Given records:
┄┄┄┄┄┄┄┄┄┄

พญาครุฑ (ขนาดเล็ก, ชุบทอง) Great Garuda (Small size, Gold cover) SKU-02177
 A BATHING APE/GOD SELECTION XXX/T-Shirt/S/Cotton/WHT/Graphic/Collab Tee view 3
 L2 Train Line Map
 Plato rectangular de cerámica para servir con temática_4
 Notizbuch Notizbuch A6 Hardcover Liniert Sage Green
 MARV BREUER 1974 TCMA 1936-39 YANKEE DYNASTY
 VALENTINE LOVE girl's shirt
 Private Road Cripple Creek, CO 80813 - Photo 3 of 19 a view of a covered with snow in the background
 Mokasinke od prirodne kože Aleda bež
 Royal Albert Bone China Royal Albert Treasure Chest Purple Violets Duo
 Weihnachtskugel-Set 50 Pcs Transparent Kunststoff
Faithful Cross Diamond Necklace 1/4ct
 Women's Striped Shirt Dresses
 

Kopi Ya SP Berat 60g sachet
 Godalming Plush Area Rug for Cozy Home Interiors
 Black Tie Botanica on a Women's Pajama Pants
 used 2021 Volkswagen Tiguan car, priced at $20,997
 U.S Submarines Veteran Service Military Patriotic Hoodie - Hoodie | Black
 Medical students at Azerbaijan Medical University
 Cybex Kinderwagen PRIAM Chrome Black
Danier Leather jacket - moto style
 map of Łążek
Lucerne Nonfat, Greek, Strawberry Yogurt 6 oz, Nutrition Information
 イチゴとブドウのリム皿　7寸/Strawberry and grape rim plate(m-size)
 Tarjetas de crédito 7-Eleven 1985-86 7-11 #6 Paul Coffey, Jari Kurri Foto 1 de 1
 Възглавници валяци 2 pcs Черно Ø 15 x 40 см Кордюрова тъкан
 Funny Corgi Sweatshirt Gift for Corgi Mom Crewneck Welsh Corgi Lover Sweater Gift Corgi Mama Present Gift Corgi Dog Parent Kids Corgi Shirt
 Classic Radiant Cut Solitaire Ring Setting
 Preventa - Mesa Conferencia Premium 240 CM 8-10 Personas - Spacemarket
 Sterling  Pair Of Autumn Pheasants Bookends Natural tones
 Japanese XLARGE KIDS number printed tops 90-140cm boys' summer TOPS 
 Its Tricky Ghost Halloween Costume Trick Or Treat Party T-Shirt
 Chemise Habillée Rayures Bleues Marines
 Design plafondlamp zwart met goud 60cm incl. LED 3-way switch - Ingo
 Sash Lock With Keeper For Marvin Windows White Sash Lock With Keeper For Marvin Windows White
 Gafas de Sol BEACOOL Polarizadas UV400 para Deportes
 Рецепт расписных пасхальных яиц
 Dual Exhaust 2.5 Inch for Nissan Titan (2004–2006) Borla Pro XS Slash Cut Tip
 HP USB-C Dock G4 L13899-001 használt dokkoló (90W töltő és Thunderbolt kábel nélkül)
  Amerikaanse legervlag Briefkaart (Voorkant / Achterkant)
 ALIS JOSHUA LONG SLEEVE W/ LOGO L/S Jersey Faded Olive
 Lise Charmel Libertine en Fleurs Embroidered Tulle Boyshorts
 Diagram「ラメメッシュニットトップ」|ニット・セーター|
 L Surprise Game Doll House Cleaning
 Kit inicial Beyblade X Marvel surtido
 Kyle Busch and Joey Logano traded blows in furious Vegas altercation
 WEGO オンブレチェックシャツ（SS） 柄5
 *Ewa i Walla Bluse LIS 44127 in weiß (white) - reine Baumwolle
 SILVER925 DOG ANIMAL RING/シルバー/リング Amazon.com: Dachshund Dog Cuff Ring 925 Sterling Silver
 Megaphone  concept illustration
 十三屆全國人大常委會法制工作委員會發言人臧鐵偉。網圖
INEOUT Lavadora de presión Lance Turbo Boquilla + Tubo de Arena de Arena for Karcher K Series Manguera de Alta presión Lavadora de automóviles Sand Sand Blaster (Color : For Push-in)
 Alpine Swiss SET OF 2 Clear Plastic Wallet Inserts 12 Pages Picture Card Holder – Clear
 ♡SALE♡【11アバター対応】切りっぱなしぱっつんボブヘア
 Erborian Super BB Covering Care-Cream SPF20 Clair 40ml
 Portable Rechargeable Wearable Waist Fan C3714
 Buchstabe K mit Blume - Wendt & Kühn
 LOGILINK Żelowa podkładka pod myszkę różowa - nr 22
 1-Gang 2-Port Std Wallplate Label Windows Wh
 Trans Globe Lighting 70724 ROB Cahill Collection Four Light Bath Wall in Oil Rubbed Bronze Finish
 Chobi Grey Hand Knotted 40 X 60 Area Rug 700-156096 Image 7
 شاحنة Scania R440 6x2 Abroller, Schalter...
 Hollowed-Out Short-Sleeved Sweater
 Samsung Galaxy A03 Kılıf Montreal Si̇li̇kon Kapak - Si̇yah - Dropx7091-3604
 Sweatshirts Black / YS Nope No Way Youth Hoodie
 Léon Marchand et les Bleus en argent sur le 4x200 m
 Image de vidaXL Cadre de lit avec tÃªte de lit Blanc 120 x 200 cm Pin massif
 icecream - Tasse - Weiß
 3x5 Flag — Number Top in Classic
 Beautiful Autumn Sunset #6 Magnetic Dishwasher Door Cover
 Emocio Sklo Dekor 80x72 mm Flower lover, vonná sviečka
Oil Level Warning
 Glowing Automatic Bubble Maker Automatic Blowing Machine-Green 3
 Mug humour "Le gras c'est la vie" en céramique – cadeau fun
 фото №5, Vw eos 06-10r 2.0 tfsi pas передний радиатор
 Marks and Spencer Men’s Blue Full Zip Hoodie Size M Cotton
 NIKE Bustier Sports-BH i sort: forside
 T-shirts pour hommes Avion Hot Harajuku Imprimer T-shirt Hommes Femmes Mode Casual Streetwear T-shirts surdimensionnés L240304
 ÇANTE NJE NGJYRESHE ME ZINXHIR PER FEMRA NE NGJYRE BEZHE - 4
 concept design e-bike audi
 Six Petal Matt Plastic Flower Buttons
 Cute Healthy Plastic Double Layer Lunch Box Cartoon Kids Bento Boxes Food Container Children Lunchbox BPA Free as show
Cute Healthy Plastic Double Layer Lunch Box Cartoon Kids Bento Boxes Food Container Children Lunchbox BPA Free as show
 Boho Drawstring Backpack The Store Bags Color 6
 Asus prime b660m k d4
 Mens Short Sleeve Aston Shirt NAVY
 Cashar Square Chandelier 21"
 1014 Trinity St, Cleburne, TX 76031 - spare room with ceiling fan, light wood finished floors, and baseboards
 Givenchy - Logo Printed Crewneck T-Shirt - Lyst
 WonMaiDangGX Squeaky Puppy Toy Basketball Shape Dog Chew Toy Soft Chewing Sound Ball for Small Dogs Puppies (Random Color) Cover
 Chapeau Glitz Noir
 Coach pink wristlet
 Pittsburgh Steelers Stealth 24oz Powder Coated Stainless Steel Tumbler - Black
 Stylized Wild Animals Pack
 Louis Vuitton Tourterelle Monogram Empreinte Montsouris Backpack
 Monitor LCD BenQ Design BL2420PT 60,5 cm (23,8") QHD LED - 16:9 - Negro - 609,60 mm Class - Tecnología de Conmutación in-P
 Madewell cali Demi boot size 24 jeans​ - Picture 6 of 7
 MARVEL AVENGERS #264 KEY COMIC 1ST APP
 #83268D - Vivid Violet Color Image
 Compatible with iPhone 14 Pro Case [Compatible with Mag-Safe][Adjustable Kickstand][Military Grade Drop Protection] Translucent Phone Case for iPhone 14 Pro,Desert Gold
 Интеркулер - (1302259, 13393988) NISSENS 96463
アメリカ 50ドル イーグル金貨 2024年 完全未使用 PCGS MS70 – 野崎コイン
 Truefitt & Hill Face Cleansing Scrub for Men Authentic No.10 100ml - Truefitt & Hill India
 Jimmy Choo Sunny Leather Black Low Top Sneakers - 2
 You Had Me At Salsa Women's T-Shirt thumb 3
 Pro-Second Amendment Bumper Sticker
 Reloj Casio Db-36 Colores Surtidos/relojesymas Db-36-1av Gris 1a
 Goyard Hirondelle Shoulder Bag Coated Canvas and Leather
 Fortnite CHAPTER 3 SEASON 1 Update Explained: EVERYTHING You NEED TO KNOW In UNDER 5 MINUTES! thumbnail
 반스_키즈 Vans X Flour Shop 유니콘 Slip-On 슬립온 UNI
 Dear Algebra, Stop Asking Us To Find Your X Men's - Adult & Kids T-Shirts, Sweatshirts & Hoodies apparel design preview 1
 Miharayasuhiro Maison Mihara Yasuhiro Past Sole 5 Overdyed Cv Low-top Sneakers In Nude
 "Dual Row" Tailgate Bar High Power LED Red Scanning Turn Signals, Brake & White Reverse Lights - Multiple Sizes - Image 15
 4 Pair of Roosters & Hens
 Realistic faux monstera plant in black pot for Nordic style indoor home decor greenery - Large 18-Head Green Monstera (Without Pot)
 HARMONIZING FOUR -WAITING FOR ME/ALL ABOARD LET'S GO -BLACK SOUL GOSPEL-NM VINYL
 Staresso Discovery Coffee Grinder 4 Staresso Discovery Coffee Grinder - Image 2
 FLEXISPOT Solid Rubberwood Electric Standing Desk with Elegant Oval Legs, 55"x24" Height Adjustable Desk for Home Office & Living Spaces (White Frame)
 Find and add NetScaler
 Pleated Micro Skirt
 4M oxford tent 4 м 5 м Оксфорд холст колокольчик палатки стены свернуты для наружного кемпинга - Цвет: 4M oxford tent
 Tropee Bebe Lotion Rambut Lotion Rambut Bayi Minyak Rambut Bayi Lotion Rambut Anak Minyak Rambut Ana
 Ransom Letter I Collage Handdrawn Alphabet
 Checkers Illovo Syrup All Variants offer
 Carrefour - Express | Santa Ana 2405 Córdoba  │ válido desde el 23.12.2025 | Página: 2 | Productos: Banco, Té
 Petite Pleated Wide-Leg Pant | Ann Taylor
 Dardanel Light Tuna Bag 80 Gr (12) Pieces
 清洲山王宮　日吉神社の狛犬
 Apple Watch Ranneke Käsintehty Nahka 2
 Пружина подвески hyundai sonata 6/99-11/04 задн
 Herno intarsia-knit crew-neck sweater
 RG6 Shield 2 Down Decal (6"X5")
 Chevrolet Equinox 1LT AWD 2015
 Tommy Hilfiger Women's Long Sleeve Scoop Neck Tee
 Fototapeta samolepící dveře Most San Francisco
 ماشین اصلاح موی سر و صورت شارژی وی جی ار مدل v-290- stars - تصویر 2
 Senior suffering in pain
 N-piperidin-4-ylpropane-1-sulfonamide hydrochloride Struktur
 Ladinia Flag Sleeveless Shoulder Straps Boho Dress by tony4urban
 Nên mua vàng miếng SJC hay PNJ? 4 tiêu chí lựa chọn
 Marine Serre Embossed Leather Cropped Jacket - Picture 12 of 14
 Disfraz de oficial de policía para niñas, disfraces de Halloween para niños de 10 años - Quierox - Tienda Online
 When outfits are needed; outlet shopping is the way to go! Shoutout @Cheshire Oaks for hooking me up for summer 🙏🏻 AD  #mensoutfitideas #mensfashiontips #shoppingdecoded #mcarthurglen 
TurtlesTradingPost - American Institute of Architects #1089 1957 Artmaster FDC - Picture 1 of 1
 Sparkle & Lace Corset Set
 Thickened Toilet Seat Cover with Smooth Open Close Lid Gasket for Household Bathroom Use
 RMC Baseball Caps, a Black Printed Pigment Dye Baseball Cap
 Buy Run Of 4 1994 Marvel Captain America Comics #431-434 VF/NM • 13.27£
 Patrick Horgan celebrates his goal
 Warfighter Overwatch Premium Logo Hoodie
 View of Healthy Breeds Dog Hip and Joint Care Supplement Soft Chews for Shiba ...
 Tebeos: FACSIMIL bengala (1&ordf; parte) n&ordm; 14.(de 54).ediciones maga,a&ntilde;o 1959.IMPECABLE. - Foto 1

┄┄┄┄┄┄┄┄┄┄

Assignment: Scan the listing above for the line that has "Tommy Hilfiger Women's", then copy exactly from that line through the line that has "Patrick Horgan celebrates his goal".

Reply:
 Tommy Hilfiger Women's Long Sleeve Scoop Neck Tee
 Fototapeta samolepící dveře Most San Francisco
 ماشین اصلاح موی سر و صورت شارژی وی جی ار مدل v-290- stars - تصویر 2
 Senior suffering in pain
 N-piperidin-4-ylpropane-1-sulfonamide hydrochloride Struktur
 Ladinia Flag Sleeveless Shoulder Straps Boho Dress by tony4urban
 Nên mua vàng miếng SJC hay PNJ? 4 tiêu chí lựa chọn
 Marine Serre Embossed Leather Cropped Jacket - Picture 12 of 14
 Disfraz de oficial de policía para niñas, disfraces de Halloween para niños de 10 años - Quierox - Tienda Online
 When outfits are needed; outlet shopping is the way to go! Shoutout @Cheshire Oaks for hooking me up for summer 🙏🏻 AD  #mensoutfitideas #mensfashiontips #shoppingdecoded #mcarthurglen 
TurtlesTradingPost - American Institute of Architects #1089 1957 Artmaster FDC - Picture 1 of 1
 Sparkle & Lace Corset Set
 Thickened Toilet Seat Cover with Smooth Open Close Lid Gasket for Household Bathroom Use
 RMC Baseball Caps, a Black Printed Pigment Dye Baseball Cap
 Buy Run Of 4 1994 Marvel Captain America Comics #431-434 VF/NM • 13.27£
 Patrick Horgan celebrates his goal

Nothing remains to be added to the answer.